No, you're completely confused. This is really simple: Assuming you want to maintain a given speed, if the required power at the wheel is zero (well, pretty much, anyway, ignoring bearing losses in the rear hub and freehub), there's no need to pedal. If it's negative (because you're going downhill) you have to brake, if it's positive, you pedal. The cadence you choose has nothing to do with any of this. That choice only depends on you personal preference, possibly determined by considerations of biomechanical efficiency.


----------



## ericm979 (Jun 26, 2005)

With practice you'll be able to just ease off the power a bit to keep the bike in the right place. You need to do it early, before you're closing the gap too quickly. It just takes practice. If you can find people who ride steady you can practice not using the brakes. (BTW using brakes more than a tiny amount screws up the riders behind you. I will yell at riders who brake in the paceline, or just get ahead of them.) 

If there is a slight downhill- the kind that you still pedal on- then the draft seems stronger, possibly because speeds are higher.

I sometimes stop pedalling, and sometimes keep pedalling at a low power output. It depends on how much I want to slow down. Also if I want to keep my legs turning to keep them warm and ready to go or want to rest as much as possible. You can pedal at zero power if you want- you'll hear the freewheel clicking slowly.

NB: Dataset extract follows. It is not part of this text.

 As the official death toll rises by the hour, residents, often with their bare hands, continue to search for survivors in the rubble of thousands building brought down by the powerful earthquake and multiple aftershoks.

When you're in a group or paceline keep your attention up to the front. Don't fixate on the rider in front of you. That's a good way to get hurt- when the pack/line swerves around something, you won't see it until it's too late to do anything about it. And don't look off to the side. I had my front teeth smashed in because I was looking to the side when a rider on the front slammed on the brakes.


----------



## rm -rf (Feb 27, 2006)

Teuthis said:


> I was thinking about this as I drifted to snooze last night.
> 
> I had assumed some kind of vacuuming was going on because of the cadence of the rider ahead of me. More specifically, I had assumed he was putting some power down. And if he were pedaling very softly, then indeed it would've been an easy mistake for me to pedal not softly enough and consequently close the gap. So question answered.
> 
> But now I have another one: at what low power output does a cyclist riding in a group simply stop pedaling? Or is it the point to *maintain cadence despite really low pedal effort *in order to maintain a consistent speed? Is learning to pedal at really low effort levels one of those things I'll get with practice?


*
Soft pedaling to ease the group dynamics*

In a group ride, if the rider in front stops pedaling and I hear the bike coasting, I have to focus more attention on what's happening there. Is there something in the road ahead? Will the group start braking hard? What's going on?

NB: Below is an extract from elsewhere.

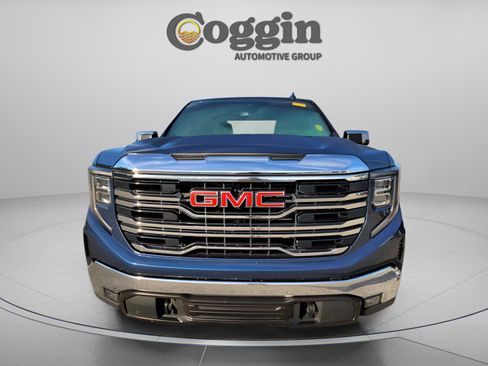 Used 2022 GMC Sierra 1500 SLT w/ SLT Premium Package image 23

Some group riders never notice they are doing this. (And some of them are the ones that close up a gap too fast, stop pedaling or lightly brake, let the gap re-open, and repeat it all again. That's annoying.)

If we are starting down a hill, then it's normal to stop pedaling. I can ignore it. Rolling up to a stop sign? It's normal, and a heads up for the group slowing down.

Otherwise, the rider may have stopped pedaling due to a slight downhill, a really great draft, or going a little too fast for the riders ahead. Now it's something the rest of the riders behind need to pay attention to.

I don't like to do fake soft pedaling, where I'm* turning the pedals with no resistance at all. * It's actually kind of hard for me to keep the right cadence to not make coasting noises, but not speed up. (It's often a fast cadence, kind of tiring with no resistance.)

So, instead of fake soft pedaling, I often shift up to one of my hardest combinations, 50-12 or 50-11, and pedal very lightly at that very slow rpm. That's easier for me.


----------



## Roland44 (Mar 21, 2013)

ibericb said:


> Not pertinent to a discussion about technique, but more than you ever wanted to know about the benefits of drafting, and cooperative effects, from none other than Coach Alex Simons, complete with pertinent references and real, measured data.


Great article, clears a lot of things up. Thanks for sharing.


----------



## MerlinAma (Oct 11, 2005)

The other factor on downhills is weight. 
If you weigh much more than the guy in front of you, pure coasting can have you gaining on him - quickly if you are drafting too.


----------



## nsfbr (May 23, 2014)

So, I haven't read ALL of the previous posts, but I figured someone needs to explain why you actually have to learn to draft without moving into the person in front of you.

It is actually quite simple. The closer you get to the person in front of you the less power it takes to maintain a given speed. So, any equilibrium you achieve, exactly the same speed and close but not too close, is going to be unstable. The faster you are going in a draft, the bigger the benefit and the more unstable it is. As a fraction of total power, uphill is less unstable, downhill more so. 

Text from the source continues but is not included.